■ **Exercise aim**:
Exact copy, pictures excluded: write out every line below.

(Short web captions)
☆ ☆ ☆ ☆ ☆

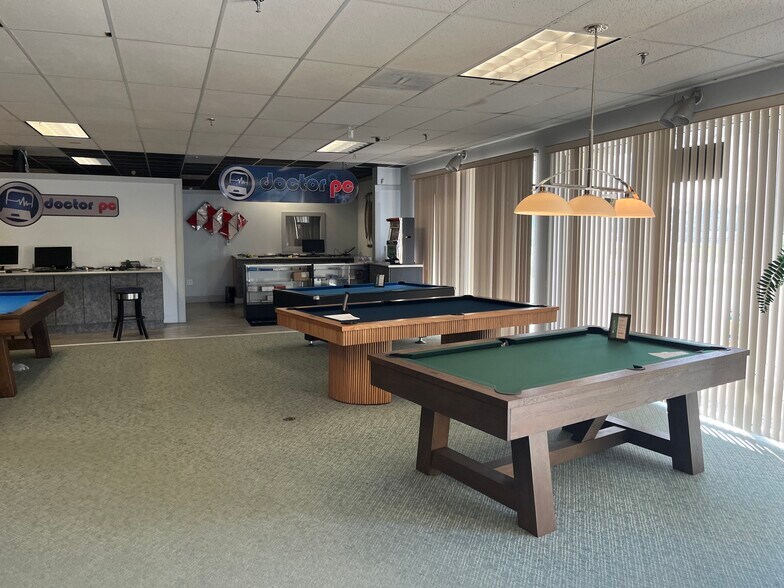 More Photos Of 5585 University Blvd W, Jacksonville Storefront Retail Office For Sale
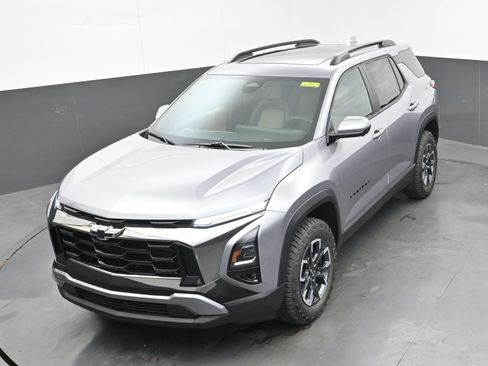 Used 2026 Chevrolet Equinox ACTIV w/ Safety and Technology Package AWD/4WD image 33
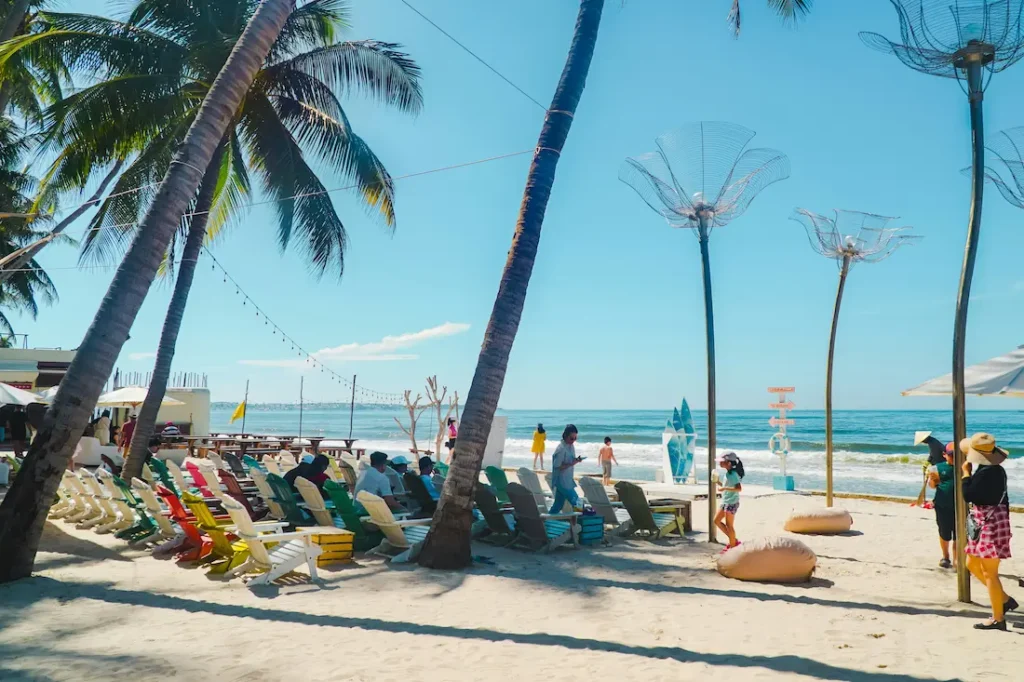 Mui Ne beach resort is perfect for staying with kids.  Mui Ne beach near the family resort. 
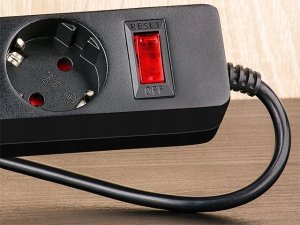 Listwa przeciwprzepięciowa SVEN SF-05E 3,0 m, (5 gniazd) czarna 8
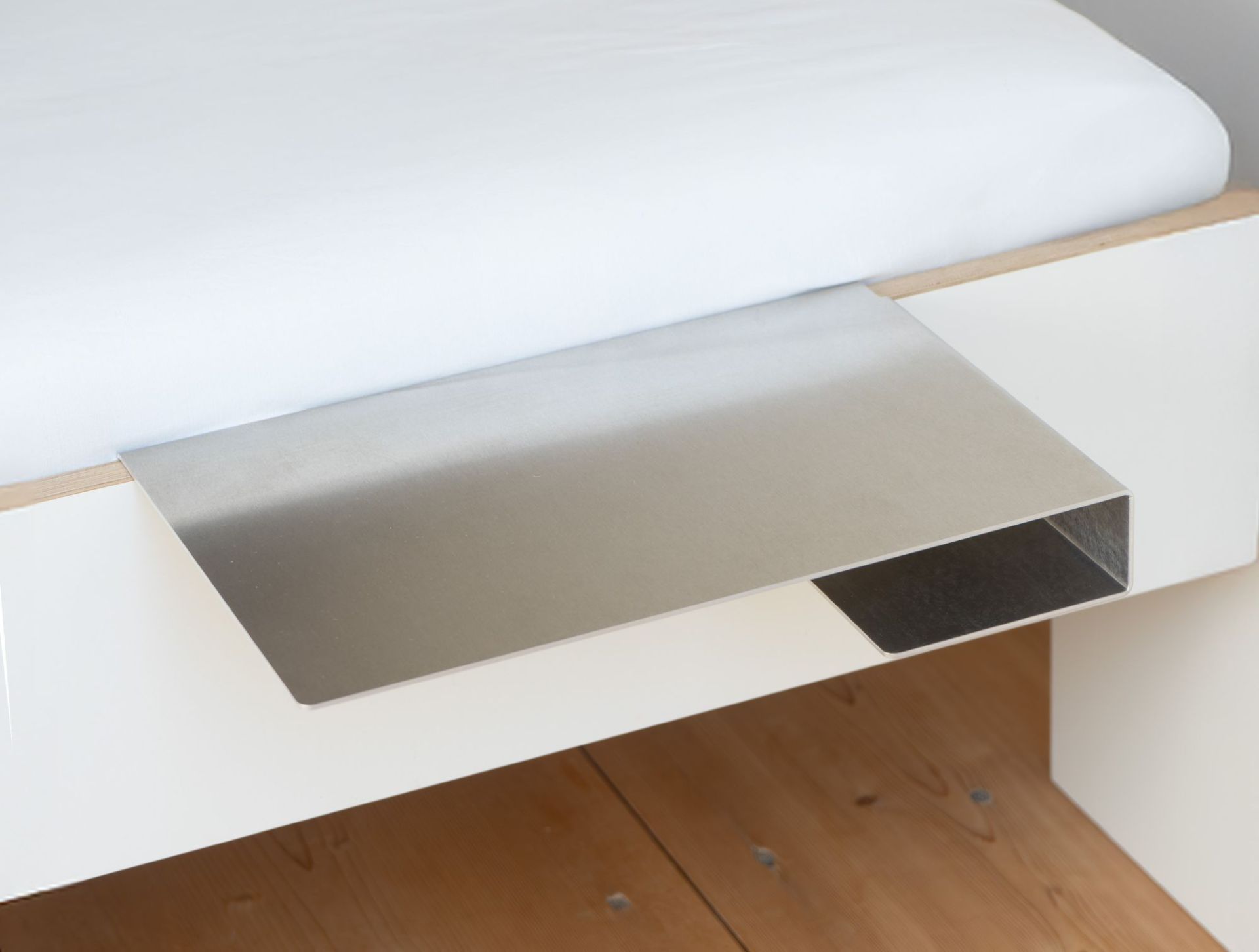 Bed edge light side shelf for Siebenschläfer / Tagedieb Nils Holger Moormann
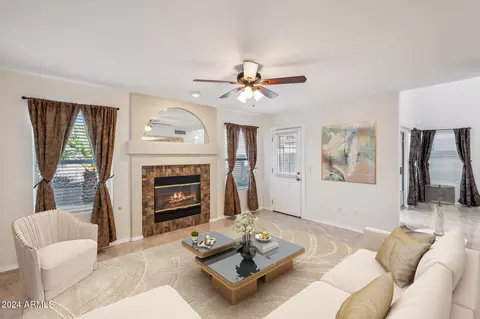 3914 E Morrow Dr, Phoenix, AZ 85050 photo 4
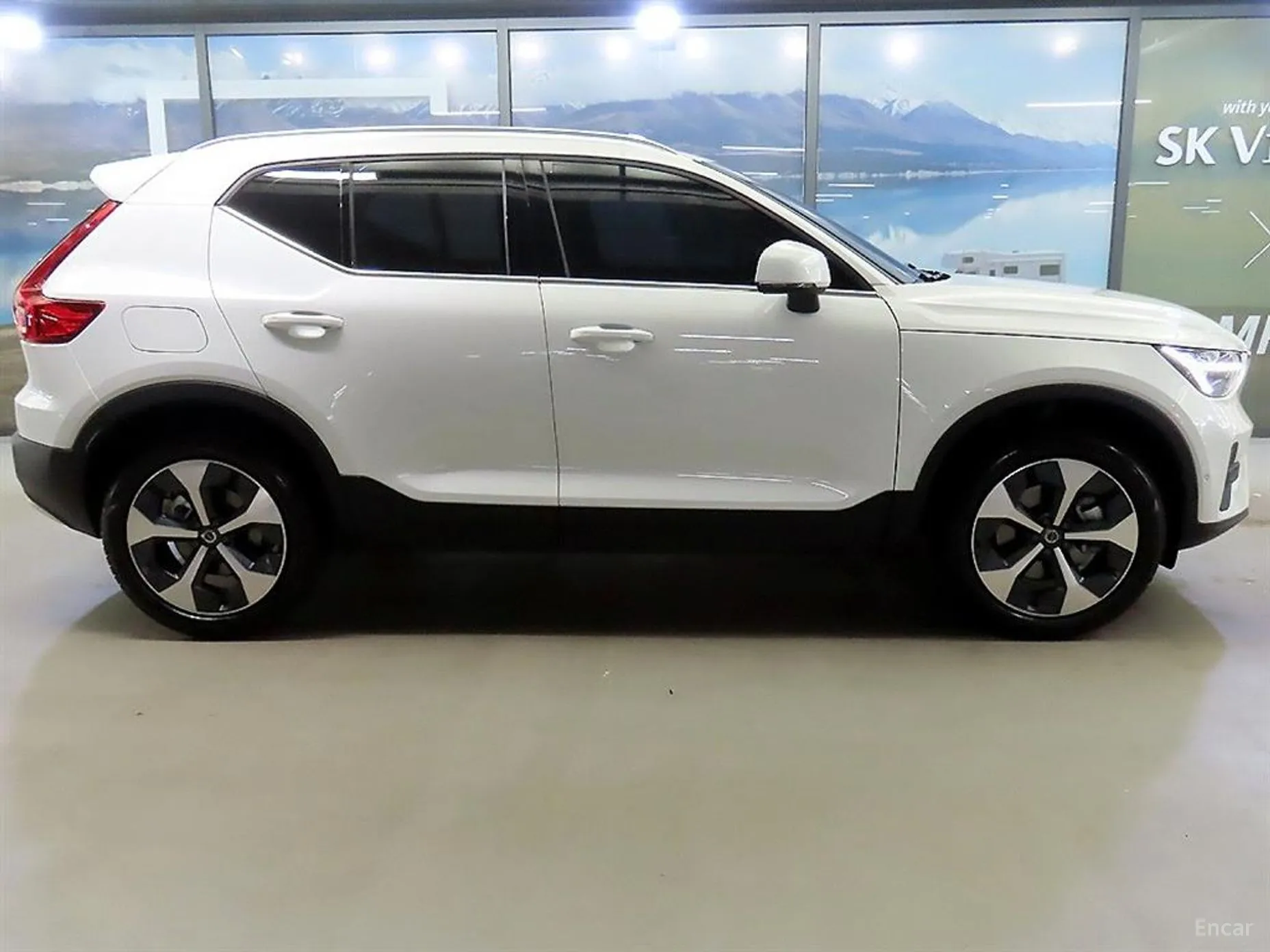 Volvo XC40 превью 3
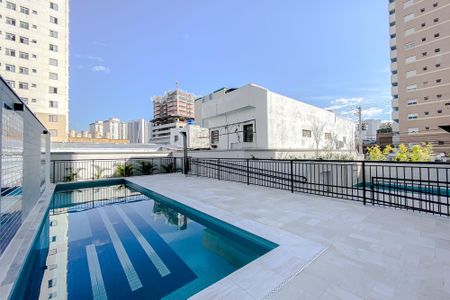 Apartamento à venda com 45m², 2 quartos e sem vagaÁrea comum - Piscina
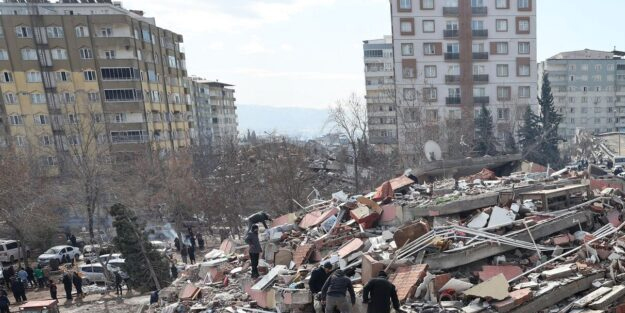 Alman uzman açıkladı! Marmara için çarpıcı deprem uyarısı: Son deprem 14 bin kez incelenerek gün yüzüne çıkarıldı!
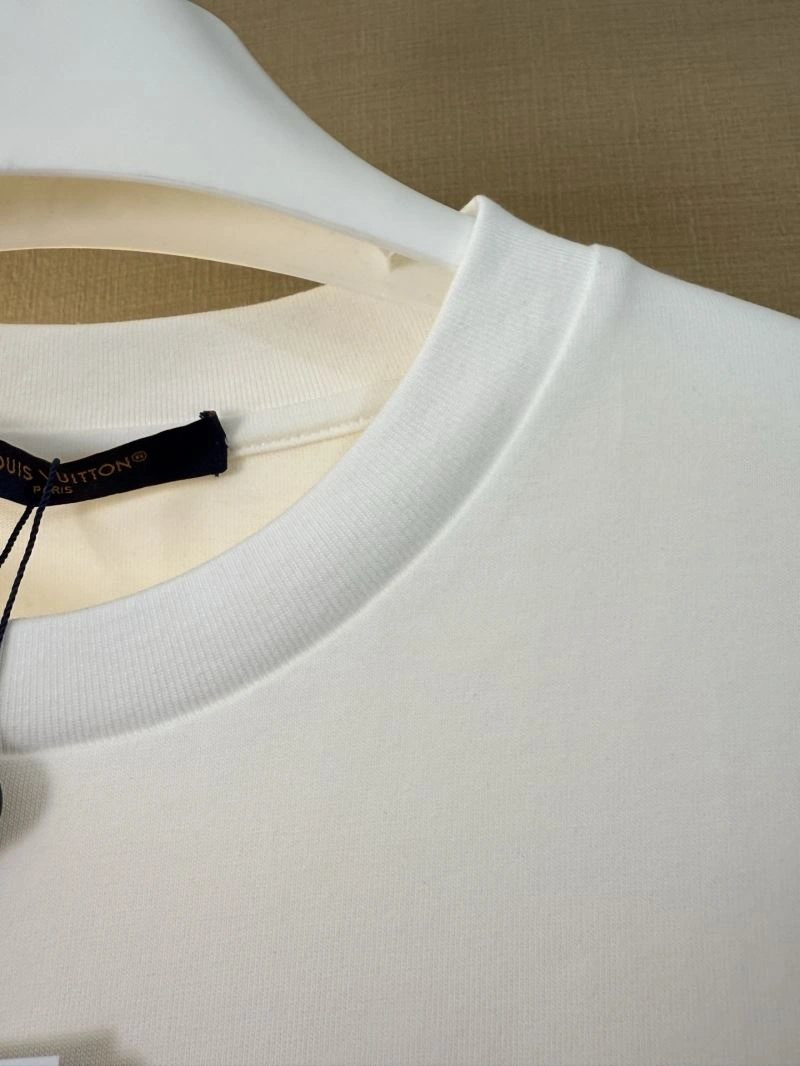 TechFriendly Louis Vuitton T-Shirts 138397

☆ ☆ ☆ ☆ ☆

■ **Output for this exercise**:
 More Photos Of 5585 University Blvd W, Jacksonville Storefront Retail Office For Sale
 Used 2026 Chevrolet Equinox ACTIV w/ Safety and Technology Package AWD/4WD image 33
 Mui Ne beach resort is perfect for staying with kids.  Mui Ne beach near the family resort. 
 Listwa przeciwprzepięciowa SVEN SF-05E 3,0 m, (5 gniazd) czarna 8
 Bed edge light side shelf for Siebenschläfer / Tagedieb Nils Holger Moormann
 3914 E Morrow Dr, Phoenix, AZ 85050 photo 4
 Volvo XC40 превью 3
 Apartamento à venda com 45m², 2 quartos e sem vagaÁrea comum - Piscina
 Alman uzman açıkladı! Marmara için çarpıcı deprem uyarısı: Son deprem 14 bin kez incelenerek gün yüzüne çıkarıldı!
 TechFriendly Louis Vuitton T-Shirts 138397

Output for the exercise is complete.